By Dr. Rhonda Jolliffe
An examination of health history and lifestyle choices are considered in the plan of care during a medical visit. In the past 22 years and thousands of patient visits, the infamous question of the hour arises:
“Are there any added
stressors in your life?”
The responses are many including crinkled noses, gasping for air, and cliché statements, such as:
“I’ve been stressed my whole life.”
“Stress — what is that?”
“Nothing I can’t handle.”
“Out of control.”
Excessive stress in our society is now what I call an epidemic.
Lifestyle choices are the cornerstone of my treatment plan for patients, and, hands down, the hardest to change is managing stress — not the change in diet, increase in exercise, or even getting people to change their sleep habits — it is clearly the area where individuals feel they have no control.
To change one’s stress is near impossible; however, to assist one in helping them to manage stress is an education process of understanding. Stress is inevitable, so let’s embrace it instead of fighting it. Characteristics of those who seem to handle life’s stress versus those who tend toward developing health conditions in relation to stress include having resiliency and practicing daily rituals.

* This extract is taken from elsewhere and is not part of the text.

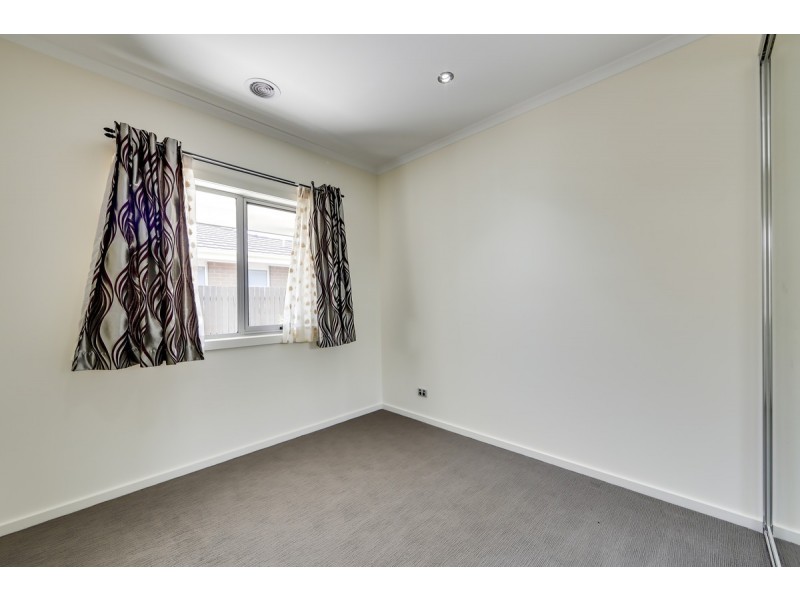19 Hilda Kincaid Crescent, Macgregor ACT 2615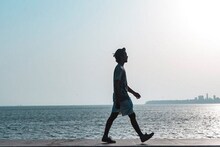 Weight Loss : चालण्यानं वजन कमी होतं का ? किती चालण्यानं कॅलरी बर्न होतात ?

Resilience is defined as the capacity to recover quickly from difficult times. Toughness. Grit. It has been shown that resilient people tend to maintain a more positive outlook and cope with stress more effectively, and although this comes naturally to some people, there are tools you can learn to improve your resilience. Common threads in people who tend toward resilience are being flexible and accepting of change, fulfilling a purpose in their life, having social networks, finding the positives in situations, and practicing self-care, such as making healthy lifestyle choices.
These practices put your body in the parasympathetic nervous system or the calming system. We spend way too much time in our sympathetic nervous system or the fight or flight system.
Just 30 minutes each day should be spent on daily rituals that may include:
Positive self-talk — tell yourself how wonderful and beautiful you are everyday.
Deep breathing — I like the 7-7-7 method: seven seconds inhale, seven seconds hold, seven seconds exhale. Repeat three times and do every hour.
Exercise that includes relaxing exercises such as yoga, pilates, or stretching.
Prayer and meditation
Journaling. My favorite is a gratitude journal. Write down three to five things every day you are grateful for. Watch your attitude change!
Find your passion.
Practice kindness. A smile and words of support and encouragement don’t just make someone else feel good, they releases your endorphins as well.
Pope Francis in his 2015 address said, “For all the obstacles we see before us, gratitude and appreciation should prevail over concerns and complaints.”
It is important to stay optimistic, as there is always a positive side to everything. When you choose to find the blessings in your toughest times, you become stronger and build resilience. It can be hard to find the positive outcomes in certain situations; however, keep in mind that life is a journey of ups and downs, and have faith that the hard times may be our greatest teaching moments.
Embrace the stress and be grateful for the teachings of your journey in this lifetime.